How to complete this task: Across the data below, count every line where the string "first" appears. Answer with the number alone.

Dataset entries:
────────

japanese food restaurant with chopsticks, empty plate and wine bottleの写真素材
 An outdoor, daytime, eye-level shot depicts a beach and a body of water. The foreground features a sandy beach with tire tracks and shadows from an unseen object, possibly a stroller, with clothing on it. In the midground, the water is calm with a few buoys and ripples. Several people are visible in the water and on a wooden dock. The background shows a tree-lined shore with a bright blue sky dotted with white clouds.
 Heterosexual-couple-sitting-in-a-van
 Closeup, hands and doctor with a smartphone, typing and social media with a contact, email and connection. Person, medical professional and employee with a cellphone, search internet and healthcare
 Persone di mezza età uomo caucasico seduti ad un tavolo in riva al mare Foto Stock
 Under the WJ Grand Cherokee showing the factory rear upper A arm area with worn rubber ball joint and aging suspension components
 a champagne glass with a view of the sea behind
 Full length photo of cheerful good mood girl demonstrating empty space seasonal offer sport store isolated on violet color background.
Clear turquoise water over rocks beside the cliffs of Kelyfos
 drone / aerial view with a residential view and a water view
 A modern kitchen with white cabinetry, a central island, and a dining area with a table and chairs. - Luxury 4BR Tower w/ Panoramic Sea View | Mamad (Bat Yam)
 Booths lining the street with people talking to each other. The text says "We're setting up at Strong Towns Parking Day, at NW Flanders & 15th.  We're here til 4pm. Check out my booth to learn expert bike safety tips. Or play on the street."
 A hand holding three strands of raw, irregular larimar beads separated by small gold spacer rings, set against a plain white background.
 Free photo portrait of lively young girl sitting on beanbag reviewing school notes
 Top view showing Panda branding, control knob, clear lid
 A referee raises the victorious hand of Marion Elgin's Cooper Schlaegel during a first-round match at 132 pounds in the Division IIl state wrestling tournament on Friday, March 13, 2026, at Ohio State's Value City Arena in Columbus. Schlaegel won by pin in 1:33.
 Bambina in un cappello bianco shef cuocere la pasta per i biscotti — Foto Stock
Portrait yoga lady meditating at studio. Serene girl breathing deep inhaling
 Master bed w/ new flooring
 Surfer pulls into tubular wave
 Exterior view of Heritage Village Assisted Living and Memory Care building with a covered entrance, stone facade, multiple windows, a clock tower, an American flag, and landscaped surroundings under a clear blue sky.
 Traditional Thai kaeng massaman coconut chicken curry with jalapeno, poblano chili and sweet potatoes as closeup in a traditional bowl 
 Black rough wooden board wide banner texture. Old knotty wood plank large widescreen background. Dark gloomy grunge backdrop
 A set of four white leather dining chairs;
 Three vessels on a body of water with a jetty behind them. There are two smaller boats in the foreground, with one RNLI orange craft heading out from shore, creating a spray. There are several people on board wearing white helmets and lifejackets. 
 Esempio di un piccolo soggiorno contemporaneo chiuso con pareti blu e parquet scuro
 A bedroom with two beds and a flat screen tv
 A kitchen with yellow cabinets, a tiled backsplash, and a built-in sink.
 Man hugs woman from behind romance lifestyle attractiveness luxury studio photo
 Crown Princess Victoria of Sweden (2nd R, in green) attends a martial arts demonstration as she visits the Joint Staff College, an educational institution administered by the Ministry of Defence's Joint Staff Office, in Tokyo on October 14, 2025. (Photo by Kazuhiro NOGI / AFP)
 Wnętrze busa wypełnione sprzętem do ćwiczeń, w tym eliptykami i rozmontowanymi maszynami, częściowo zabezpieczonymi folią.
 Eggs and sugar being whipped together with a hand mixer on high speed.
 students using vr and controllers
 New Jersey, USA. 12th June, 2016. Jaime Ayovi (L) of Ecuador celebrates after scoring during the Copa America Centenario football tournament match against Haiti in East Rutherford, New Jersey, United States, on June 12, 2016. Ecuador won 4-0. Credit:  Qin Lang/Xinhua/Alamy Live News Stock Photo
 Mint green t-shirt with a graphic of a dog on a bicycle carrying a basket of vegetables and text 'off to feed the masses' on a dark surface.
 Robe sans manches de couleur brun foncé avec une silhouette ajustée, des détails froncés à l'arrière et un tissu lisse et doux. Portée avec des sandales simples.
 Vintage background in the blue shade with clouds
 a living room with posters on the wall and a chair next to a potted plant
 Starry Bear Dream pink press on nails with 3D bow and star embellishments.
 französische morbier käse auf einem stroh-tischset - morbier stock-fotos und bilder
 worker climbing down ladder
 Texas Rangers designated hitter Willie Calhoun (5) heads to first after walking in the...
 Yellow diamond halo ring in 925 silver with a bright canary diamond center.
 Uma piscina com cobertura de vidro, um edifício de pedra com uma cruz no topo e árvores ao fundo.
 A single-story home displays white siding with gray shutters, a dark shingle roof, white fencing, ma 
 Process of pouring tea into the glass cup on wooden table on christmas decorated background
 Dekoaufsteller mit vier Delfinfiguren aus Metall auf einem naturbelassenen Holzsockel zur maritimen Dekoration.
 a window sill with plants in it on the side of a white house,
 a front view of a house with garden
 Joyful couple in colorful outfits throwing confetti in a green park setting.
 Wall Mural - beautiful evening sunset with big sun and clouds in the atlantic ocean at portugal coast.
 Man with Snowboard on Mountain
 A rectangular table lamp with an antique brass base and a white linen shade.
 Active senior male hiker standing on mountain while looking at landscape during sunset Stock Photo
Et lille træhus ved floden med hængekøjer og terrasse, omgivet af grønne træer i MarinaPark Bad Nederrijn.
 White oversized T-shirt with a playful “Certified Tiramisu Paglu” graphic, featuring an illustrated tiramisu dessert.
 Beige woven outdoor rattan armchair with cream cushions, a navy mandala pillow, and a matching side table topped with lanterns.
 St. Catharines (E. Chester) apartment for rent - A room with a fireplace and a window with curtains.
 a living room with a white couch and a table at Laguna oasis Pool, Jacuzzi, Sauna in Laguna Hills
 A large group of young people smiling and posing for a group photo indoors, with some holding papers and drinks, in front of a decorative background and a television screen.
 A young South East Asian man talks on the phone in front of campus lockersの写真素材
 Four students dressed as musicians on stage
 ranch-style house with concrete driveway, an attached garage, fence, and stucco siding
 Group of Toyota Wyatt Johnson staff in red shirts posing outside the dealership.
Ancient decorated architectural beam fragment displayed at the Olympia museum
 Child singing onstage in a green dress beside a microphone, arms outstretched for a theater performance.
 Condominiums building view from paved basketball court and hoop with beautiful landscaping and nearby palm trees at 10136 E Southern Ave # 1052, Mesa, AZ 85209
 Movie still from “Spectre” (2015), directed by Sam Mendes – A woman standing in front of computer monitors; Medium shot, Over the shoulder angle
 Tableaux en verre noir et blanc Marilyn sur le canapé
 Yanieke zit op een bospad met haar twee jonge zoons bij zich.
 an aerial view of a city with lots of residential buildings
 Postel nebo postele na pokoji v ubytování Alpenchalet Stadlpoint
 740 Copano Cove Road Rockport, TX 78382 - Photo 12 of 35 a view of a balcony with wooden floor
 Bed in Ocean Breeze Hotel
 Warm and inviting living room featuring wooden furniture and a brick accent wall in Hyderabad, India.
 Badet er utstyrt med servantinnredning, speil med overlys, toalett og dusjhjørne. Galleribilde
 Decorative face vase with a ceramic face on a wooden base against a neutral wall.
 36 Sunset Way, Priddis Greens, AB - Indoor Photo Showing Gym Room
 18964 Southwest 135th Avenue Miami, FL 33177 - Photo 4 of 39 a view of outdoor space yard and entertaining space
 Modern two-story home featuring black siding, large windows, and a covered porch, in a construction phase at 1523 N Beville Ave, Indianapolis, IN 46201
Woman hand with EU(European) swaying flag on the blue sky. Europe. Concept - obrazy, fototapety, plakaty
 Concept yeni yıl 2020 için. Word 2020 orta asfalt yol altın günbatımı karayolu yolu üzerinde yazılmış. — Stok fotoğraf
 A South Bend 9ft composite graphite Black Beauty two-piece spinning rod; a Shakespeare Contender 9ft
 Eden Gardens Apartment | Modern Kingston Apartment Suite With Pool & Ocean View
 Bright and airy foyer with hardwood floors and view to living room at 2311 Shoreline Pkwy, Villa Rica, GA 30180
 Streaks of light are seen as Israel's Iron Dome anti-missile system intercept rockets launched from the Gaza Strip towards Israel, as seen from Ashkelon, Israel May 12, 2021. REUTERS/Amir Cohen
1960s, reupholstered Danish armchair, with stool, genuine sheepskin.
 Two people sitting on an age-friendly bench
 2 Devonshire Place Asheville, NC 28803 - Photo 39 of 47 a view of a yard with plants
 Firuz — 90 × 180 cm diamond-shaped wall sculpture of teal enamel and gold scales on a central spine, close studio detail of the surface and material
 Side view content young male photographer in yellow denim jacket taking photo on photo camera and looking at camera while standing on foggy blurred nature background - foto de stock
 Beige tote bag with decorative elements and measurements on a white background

────────

Task output: 2